Data extract ->
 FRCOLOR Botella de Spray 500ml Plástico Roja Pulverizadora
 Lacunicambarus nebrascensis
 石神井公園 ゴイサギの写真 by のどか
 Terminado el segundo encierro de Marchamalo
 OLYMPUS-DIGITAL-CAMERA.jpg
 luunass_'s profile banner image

...

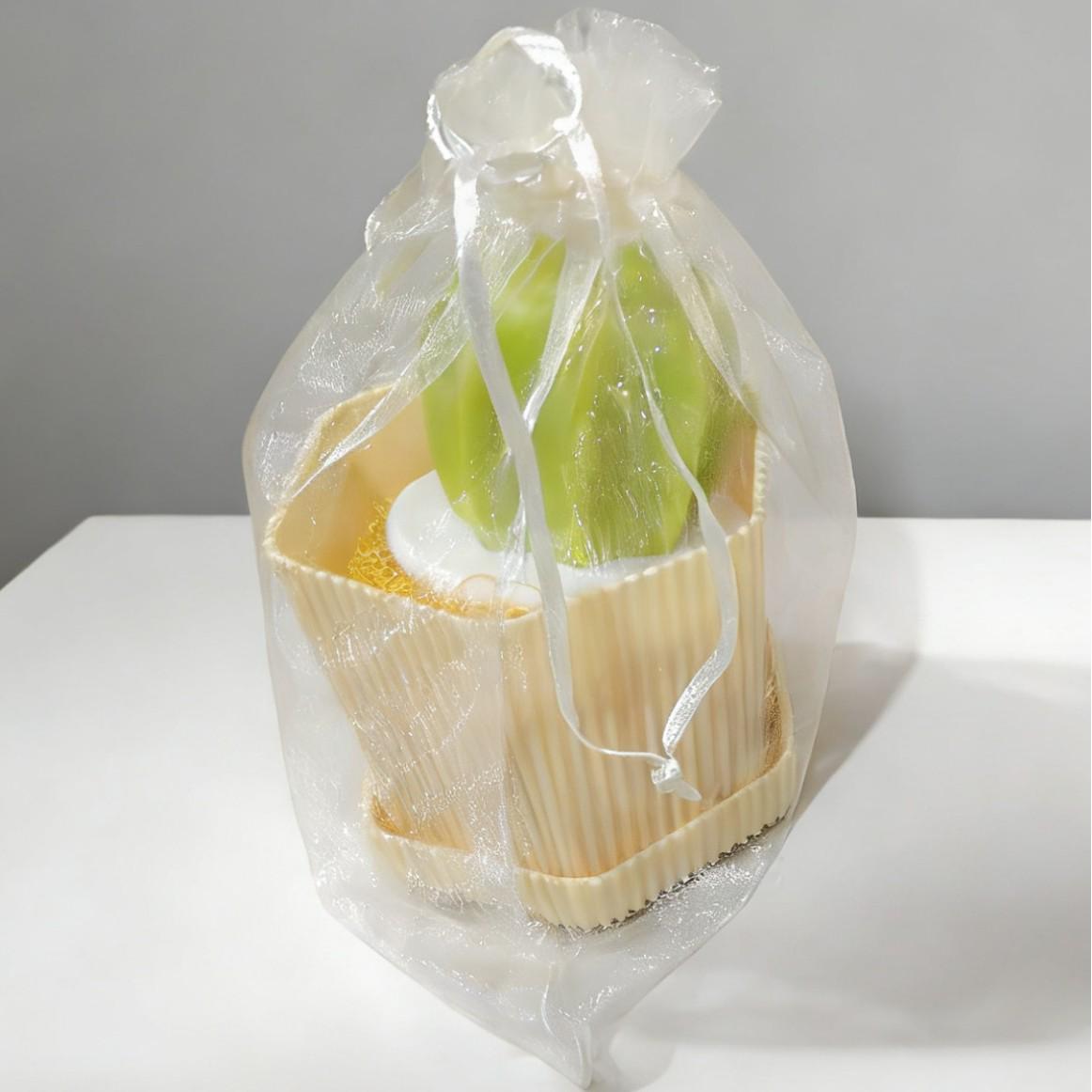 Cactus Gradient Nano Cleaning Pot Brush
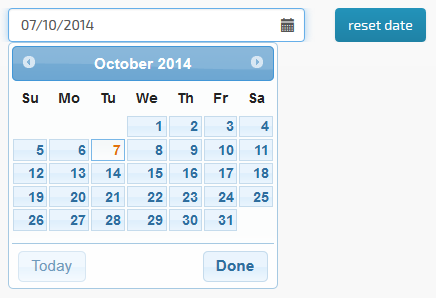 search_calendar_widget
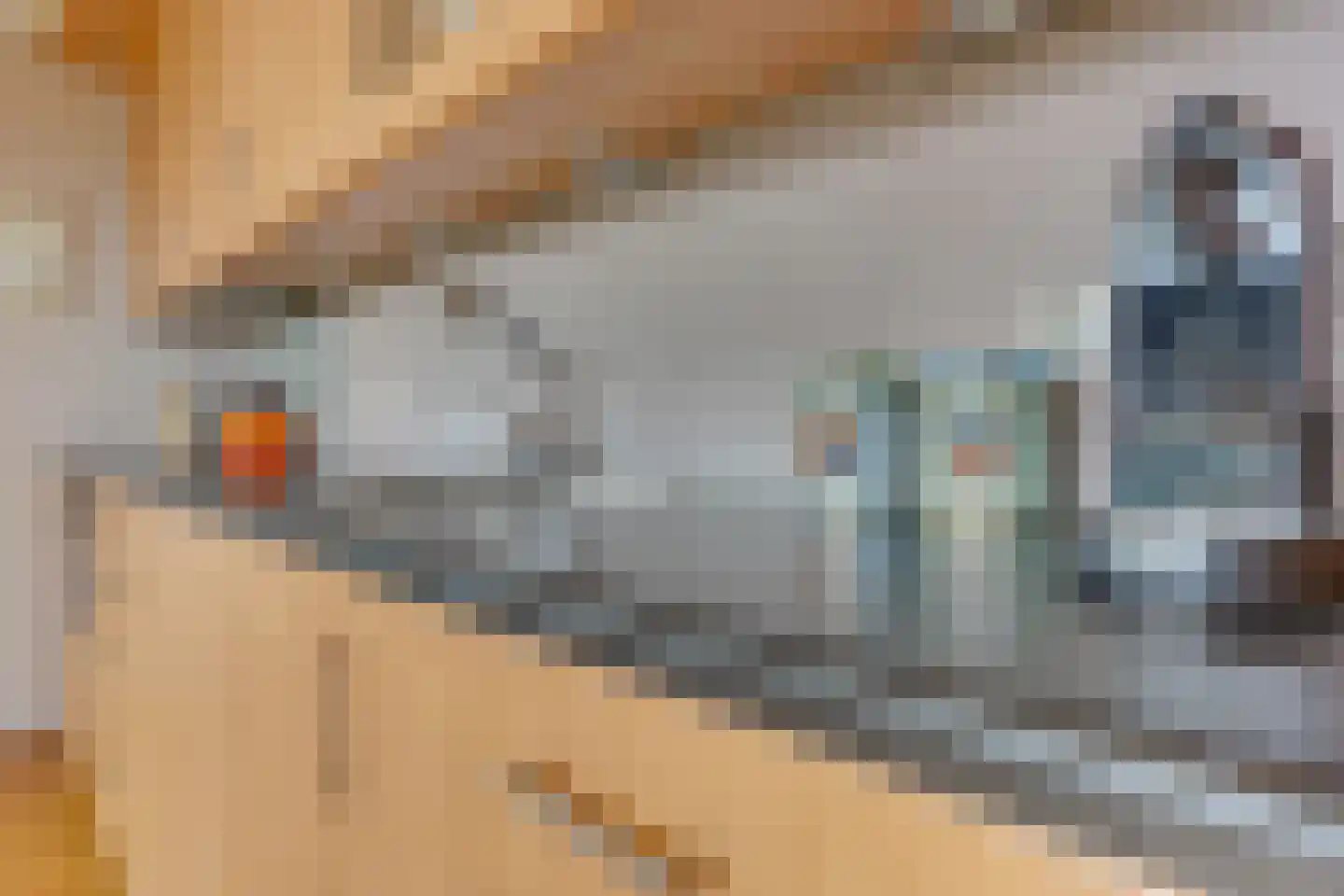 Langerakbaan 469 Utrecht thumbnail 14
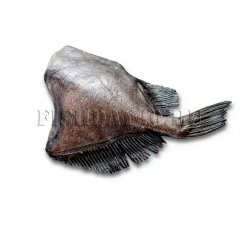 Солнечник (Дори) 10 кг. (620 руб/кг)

Task description ->
For the material above, give again only the lines starting at the line that contains "search_calendar_widget" and ending at the line that contains "Солнечник (Дори) 10 кг. (620 руб/кг)". Pictures do not belong in the copy.

Task solution ->
 search_calendar_widget
 Langerakbaan 469 Utrecht thumbnail 14
 Солнечник (Дори) 10 кг. (620 руб/кг)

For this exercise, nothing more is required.